The coalition — a full circle

The last major remnants of Cory's original old Yellow coalition was the PDP-Laban under Nene Pimentel. The venerable party founder executed perhaps the greatest coup since the party's 1982 founding and his sacrificing the VP post to Doy Laurel in 1986 to preserve the original Cory Yellow coalition, which ultimately won the snap presidential election.

In an analogous move, Nene in 2016 offered the PDP- Laban to this maverick from Davao, the Deegong. His mother, Nanay Soling, a staunch anti-martial law NGO leader, headed the "Yellow Friday Movement" and his father, Vicente, was a former governor of the then unified province of Davao, subsequently appointed to the Marcos Cabinet. The Deegong was a Cory-appointed officer in charge vice mayor to the PDP-Laban Davao City Mayor Zafiro Respicio.

Nene Pimentel's singular act in 2016 was meant perhaps to reconcile the Marcos and Cory forces — "the yellow and the red." Duterte, the Yellow's prodigal son, could have engineered the ultimate reconciliation, ending the enmity that began with Ninoy Aquino's assassination. Things proved otherwise. The man failed to discern destiny's path.

An ongoing storyline

This 2022 presidential election marks a twist in this narrative. The once formidable ideologically driven PDP-Laban from Mindanao, forged in the anvil of the dark martial law years, and championing the ascendancy of the Yellow forces of Cory in 1986, in hindsight may have drawn a "compact with the devil" in 2016.

It is a given that PDP-Laban benefited, imbibing the fruits of their investment in Duterte — cabinet posts, undersecretary/assistant secretary posts in the bureaucracy, sinecures, government corporate seats and pelf.
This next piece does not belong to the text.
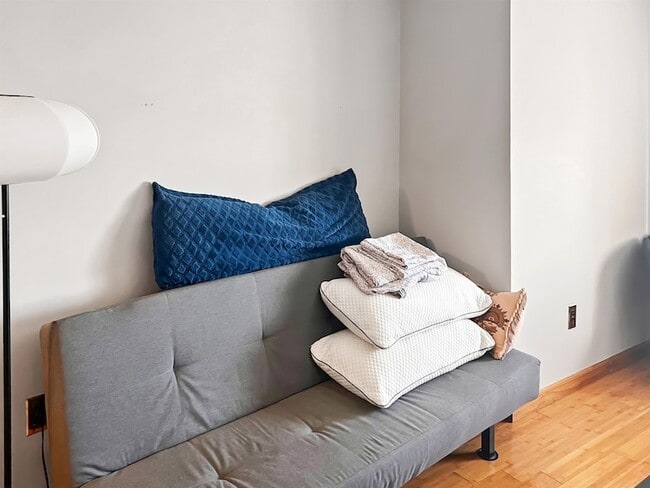 Building Photo - 1906 Paterson Plank Rd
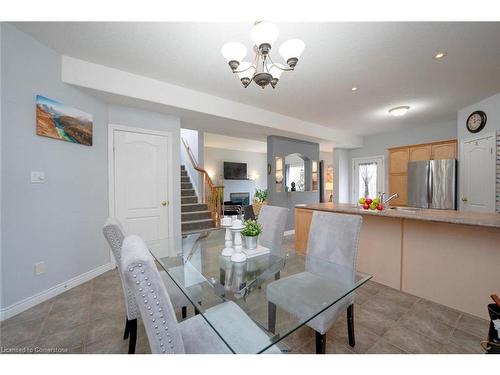 81 Shephard Avenue, New Tecumseth, ON - Indoor Photo Showing Dining Room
In return, they needed to surrender something — their ideological soul.

The PDP-Laban has split and now competes for the same political space that Cory's Yellow forces and Nene Pimentel sacrificed for. The rest of this narrative has yet to produce an appropriate ending.

Current political scenario

President Duterte's idea of running for VP under Sen. Bong Go was a ludicrous impulse. Now he's putting the senator in his stead leaving the presidential post vacant. And his spineless PDP-Laban faction is compliant. His motives were largely seen as mundane and pedestrian. For one, it was perceived as a desperate move by a despot longing for continued relevance, avoiding being a lame duck. Perhaps this International Criminal Court (ICC) "crimes against humanity" hanging over his head unravels the fiction that the illegal drug problem in the Philippines has been solved. The long arm of justice could still catch up with him.

I wrote before that the daughter will have to run as president, and she could win. She could protect the father in many ways, particularly from the long arm of international law — the ICC. But then again, she could lose. But more deadly, this election could also see the replay of an old conflict, between the Marcos forces, buttressed by the DDS, on the one hand, versus the old anti-martial law coalition given fresh motivation by the break-up of the PDP-Laban.

Or the Marcos and DDS may even go their separate ways now that a different Duterte could be in the driver's seat.

The permutations are endless. We live in interesting times!